The five things you can shard
A working person's map of distributed training. There are only five axes; everything else is a name.
In the last post I argued that training at scale is a systems problem, and the system you’re working against is the bandwidth hierarchy of your physical cluster. Each parallelism paradigm is a bet about where in that hierarchy you can afford to communicate.
This post answers the next question: what bets can you actually make?
When you read the literature, the answer looks complicated. DDP, ZeRO-1, ZeRO-2, ZeRO-3, FSDP, HSDP, TP, SP, PP (GPipe, 1F1B, interleaved, zero-bubble), CP, EP, ring attention, expert choice, DeepEP - every framework has its own vocabulary, every paper introduces a new acronym, and a new practitioner could be forgiven for thinking there are dozens of distinct techniques to learn.
The reality is simpler. A training step has a small number of dimensions you can split work along, and every named paradigm is a strategy for splitting one of those dimensions: sometimes one alone, sometimes a few combined. Once you have the dimensions in your head, the zoo of paradigms organizes itself into a small map.
The table below is the map at a glance - what each axis splits, what communication it forces, which tier of fabric it lives on. If you’ve worked with a few of these and just need the layout, the table is the post. If you want to know why each row reads the way it does, the sections after it walk through each axis in turn.
Modifiers - knobs within an axis, not separate axes:
There are five dimensions worth knowing. Here they are, in the order I find easiest to remember.
1. Batch (B): data parallelism
What gets split: the batch of training examples. Each rank processes a different shard of the batch through the same model weights.
Communication primitive: AllReduce on gradients at the end of each step. Each rank computes a gradient on its data shard; the cluster sums them so every rank ends up with the same averaged gradient.
Paradigm names: DDP (the textbook version), and all the ZeRO/FSDP/HSDP variants which we’ll discuss separately because they’re really refinements of DP rather than a new axis.
Why this exists: it’s the trivial parallelism - you can always train on more data in parallel. The forcing function is that one GPU’s batch is too small to get statistically meaningful gradients in reasonable time.

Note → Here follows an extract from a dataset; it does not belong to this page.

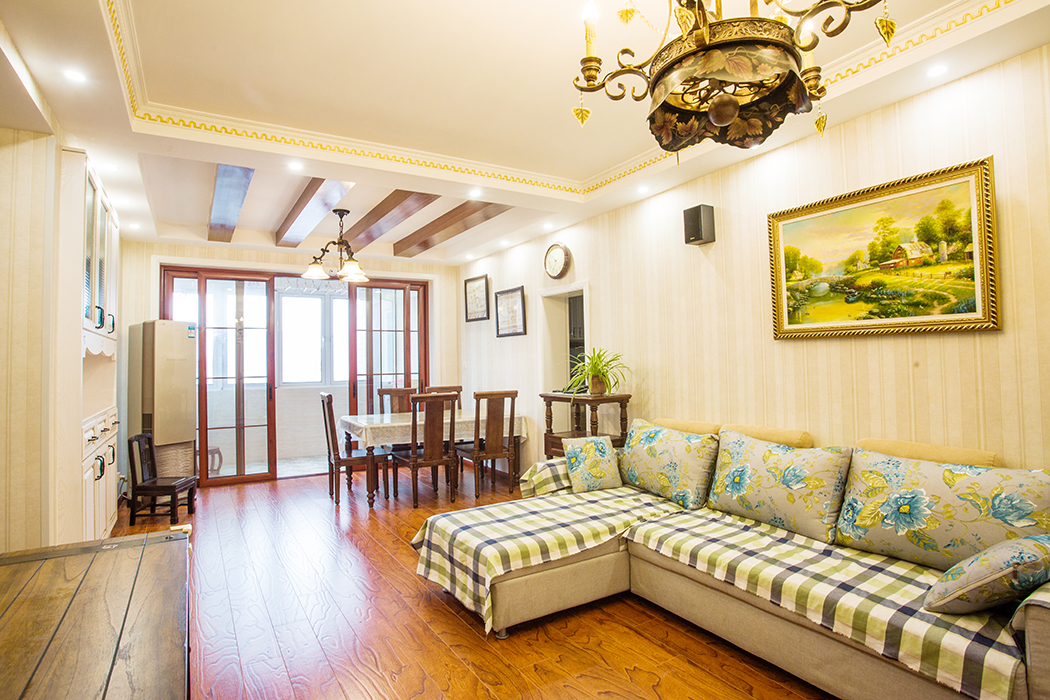 客廳為了襯托美式田園式的深色家具，客廳采用深色的仿古地板，使得整體協調，也更凸顯了家具的質感，品質生活油然而生。美式田園家具低調而奢華，充分體現了業主的，低調而內斂的做人風格。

Cost: one allreduce per step on the full gradient (~2P bytes per rank). This is the cheapest communication pattern in the menu because it’s infrequent (once per step, not once per layer) and can be overlapped with backward compute. It’s the bottom of the communication intensity hierarchy.

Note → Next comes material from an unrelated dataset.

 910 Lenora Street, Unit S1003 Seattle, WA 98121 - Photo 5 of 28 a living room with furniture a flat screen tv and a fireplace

Where it sits: tolerable on the slowest fabric in your hierarchy (inter-rack IB). This is why DP is the outermost layer of most composition recipes - it can pay the slowest fabric without bleeding throughput.

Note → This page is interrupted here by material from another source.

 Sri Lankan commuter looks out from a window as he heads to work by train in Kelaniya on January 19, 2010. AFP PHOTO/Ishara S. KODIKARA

2. Hidden dimension (H): tensor parallelism
What gets split: the matmul itself. Each linear layer’s weight matrix is sharded, column-wise for some layers, row-wise for others, and the matmul is distributed across ranks accordingly.
Communication primitive: AllReduce inside each layer. The classic Megatron-LM recipe gets you down to one allreduce per attention block and one per MLP block, so roughly two allreduces per layer per microbatch per pass, or four per layer per step counting backward.
Paradigm names: TP (Megatron-style).
A note on naming before we go further. There’s a related technique called Sequence Parallelism (SP) which is the standard companion to TP. SP shards the activations of layernorm and dropout, the elementwise operations that sit between TP’s matmul regions, along the sequence dimension. It’s a free trick: AllReduce = ReduceScatter + AllGather , so SP turns TP’s region-boundary all-reduces into a reduce-scatter and all-gather pair that moves the same total bytes but leaves activations sharded between regions instead of replicated. The result is the same activation memory savings TP gives you for matmul tensors, now extended to the non-matmul stuff.
The naming is unfortunate. “Sequence parallelism” sounds like the general technique for sharding the sequence dimension, but in current usage (matching Megatron-Core, Transformer Engine, and most frontier framework documentation), SP specifically means this TP companion - sharding only the elementwise activations between TP regions, not the attention computation itself. The general technique for sharding sequence across attention is a different thing called Context Parallelism (CP), which gets its own section below. Some papers from 2022-2023 use “sequence parallelism” loosely to mean either. This series uses SP narrowly (the TP companion) and CP for the broader attention-sharding story.
So: SP rides with TP everywhere TP appears. It’s not a separate axis; it’s how you should always run TP at scale.
Why this exists: when a single layer’s parameters or activations don’t fit on one GPU. Also useful when activation memory dominates at long context, even if the model would otherwise fit.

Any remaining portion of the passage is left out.